Trump issued an executive order on ethics roughly a week into his term that built on President Barack Obama's 2009 order. Trump's order banned executive appointees from lobbying their agencies for five years after leaving office, though not lobbying government as a whole. He also banned appointees from ever working as lobbyists for a foreign government. There was no similar ethics pledge under President George W. Bush.
White House spokeswoman Lindsay Walters called the new restrictions "historically strong." She added: "The White House does not control the actions of private citizens who have never had an official role in the administration."
Guidelines for transition team workers to avoid lobbying activities related to their transition work for six months were ignored or ineffectual, according to Public Citizen, which counted 17 individuals who worked for the Trump transition — an effort taxpayers helped fund — yet engaged in lobbying during the first six months. They collectively billed $14.9 million through August.
"They're making influence and giving access to their friends," said Richard Painter, chief ethics lawyer for Bush's administration. "It's pay to play," he said, adding that dues for members at Trump's Mar-a-Lago resort in Palm Beach, Florida, were also recently doubled.
The 44 lobbyists with ties to Trump or Pence tabulated by Public Citizen count only those who registered and submitted the required federal disclosures; the total doesn't include individuals like ex-Trump campaign manager Corey Lewandowski, who co-founded a lobbying firm after not receiving a role in the new administration.
Brian Ballard, who worked on Trump's inaugural committee and was a Florida-based lobbyist for the Trump Organization, opened a Washington office less than two weeks after the inauguration, bringing on board Dan McFaul, who worked for Trump's transition team, and Susie Wiles, who was Florida's senior strategist for the Trump campaign.
Ballard said the firm had looked at opening a Washington office for more than a decade and only came because existing clients asked him to consider it.

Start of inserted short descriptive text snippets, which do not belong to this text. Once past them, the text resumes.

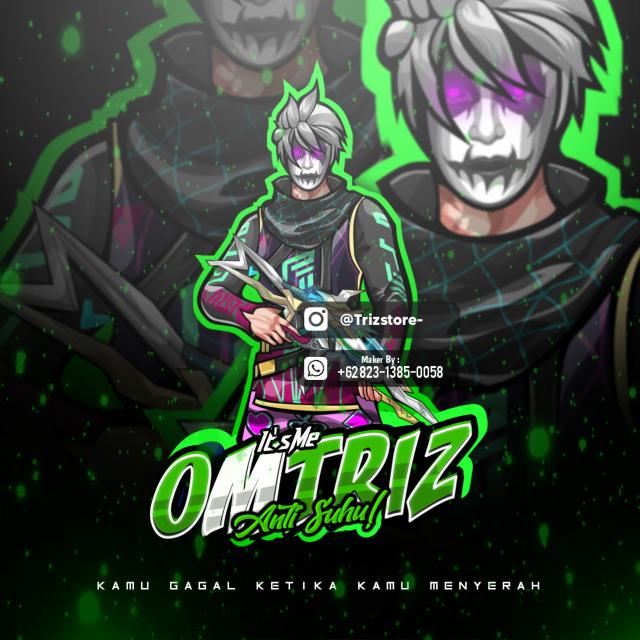 STOK OMTRIZSTOREEE X POLZX?GC²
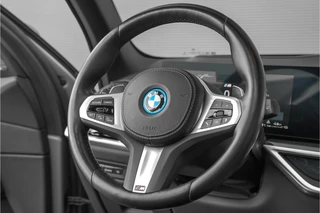 BMW X5 – thumbnail 22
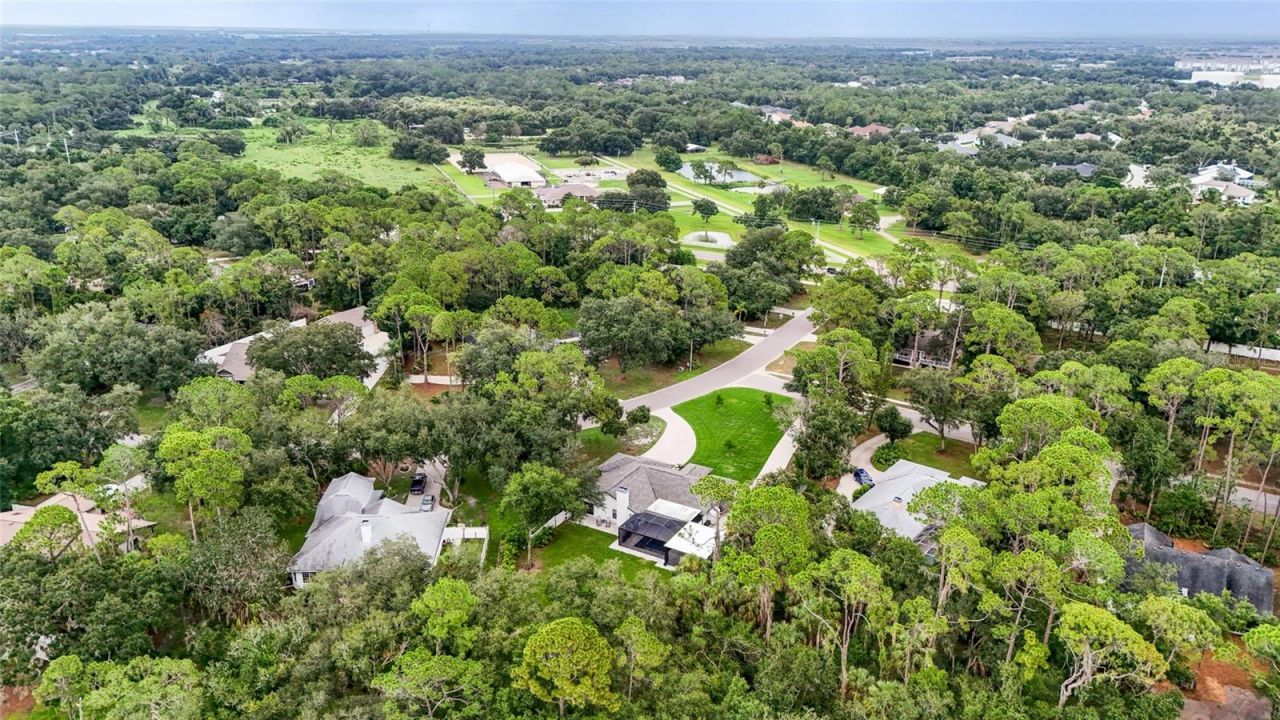 13622 11th Terrace E, Bradenton, FL 34212 Photo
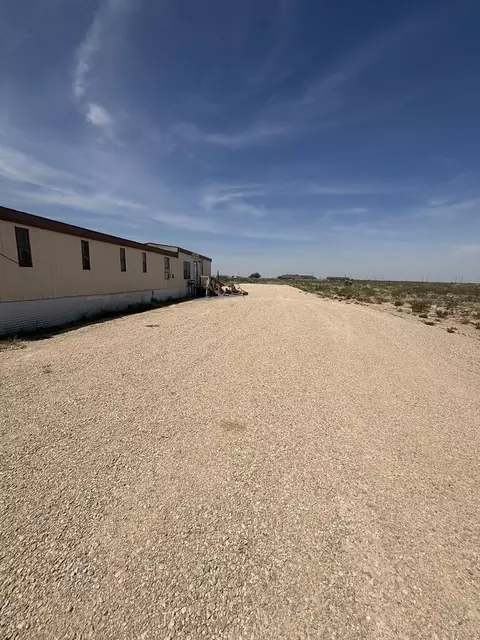 5460 W Hackberry St, Odessa, TX 79766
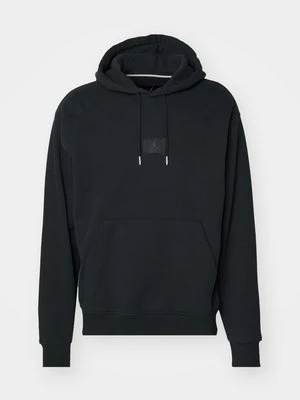 Zdjęcie produktu Bluza z kapturem Jordan czarny
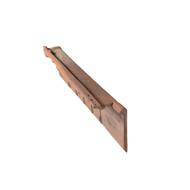 RIVE RABAT DROITE GALLEANE 10/NOVEANE/ABEILLE AURORE Réf 10036930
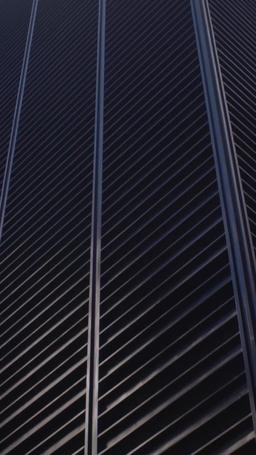 엄마가 돌아오길 바라는  쌍둥이 CEO episode 48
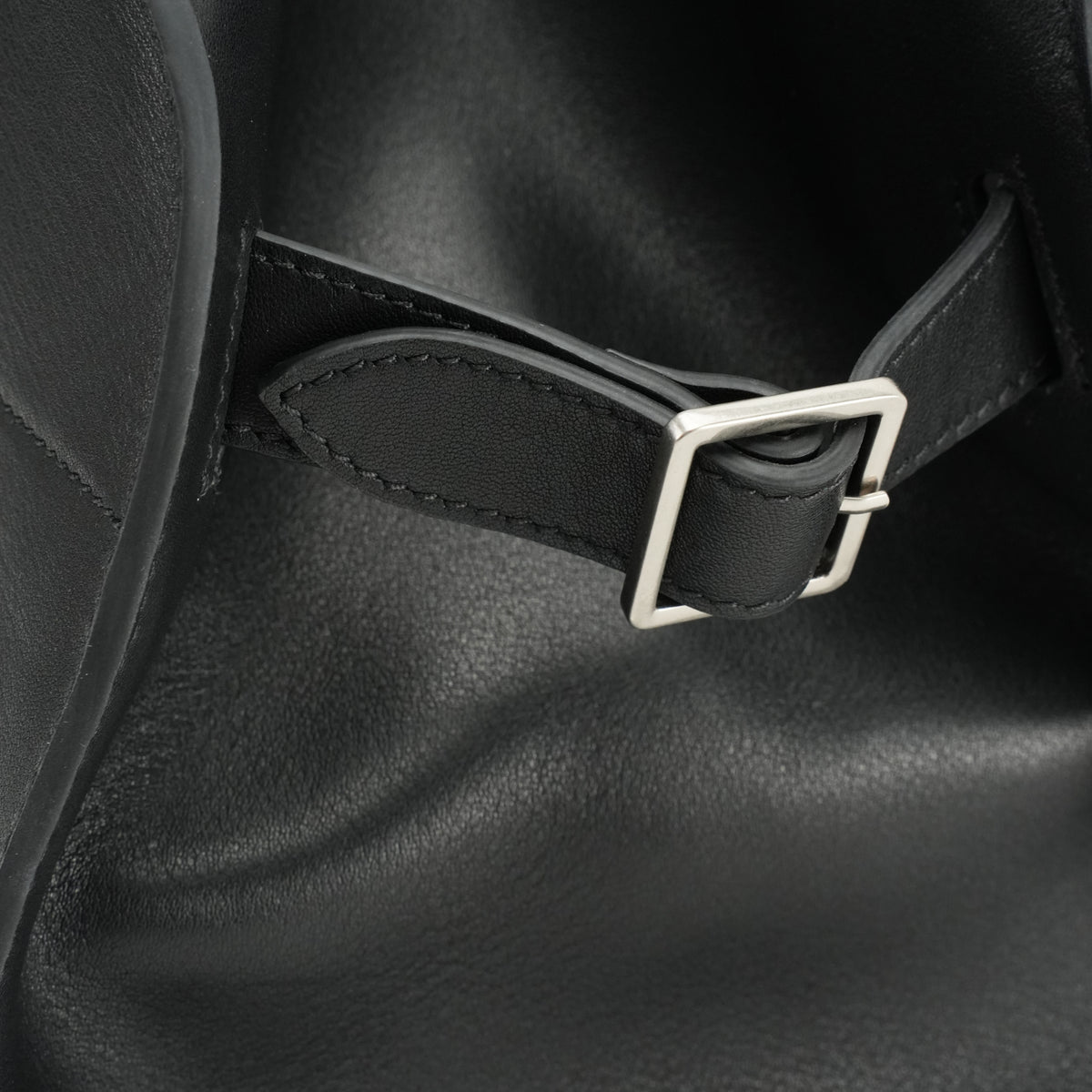 East-West Double-Handle Tote product detail view 4 for wholesale buyers OEM wholesale product detail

The firm's Trump-connected registered lobbyists have billed nearly $5.2 million as of Aug. 31 to foreign and domestic clients, according to lobbying disclosures tallied by Public Citizen. During Trump's first full month as president, Ballard Partners was hired by 14 federal lobbying clients including Amazon.com, American Airlines, for-profit prison company The GEO Group, Inc. and U.S. Sugar Corp., records show.
Ballard Partners reported receiving $250,000 from The GEO Group based in Boca Raton, Florida, according to a disclosure report. One month after Trump's inauguration, Attorney General Jeff Sessions ended the Obama-era prohibition on allowing for-profit prisons to house federal inmates. In May, the Justice Department awarded The GEO Group two 10-year contracts valued at $664 million. And in April, the group won a $110-million federal contract to build the first new immigrant detention center under the Trump administration.
"What we all want to believe is that the government makes decisions based on the best information it can get, not just based on a select group of people who can get access," said Lawrence Noble, senior director and general counsel for the Campaign Legal Center.
The center filed suit against the Justice Department in June for records on the return to using private prisons for federal inmates to determine whether The GEO Group's connections played a role.
Ballard said he doesn't comment on individual clients. The Justice Department said the change in policy restores the Federal Bureau of Prisons' flexibility to manage the inmate population.
Robert Stryk, a winemaker and former Republican aide who unsuccessfully ran for mayor of Yountville, California, termed himself the Trump campaign's unofficial West Coast hand and tried to shop Lewandowski's book around, according to a former campaign staffer who insisted on anonymity.
Stryk founded Sonoran Policy Group, which had no reported lobbying from 2013 to 2016 but has billed more than $5.7 million to clients since the start of 2017. The majority of that money, $5.4 million, was from a contract signed with the Saudi Ministry of the Interior in May and paid up front.
The contract to "provide U.S. Congressional and Executive Branch brand engagement," according to the consulting agreement, was reportedly discontinued because of political infighting in the Kingdom of Saudi Arabia.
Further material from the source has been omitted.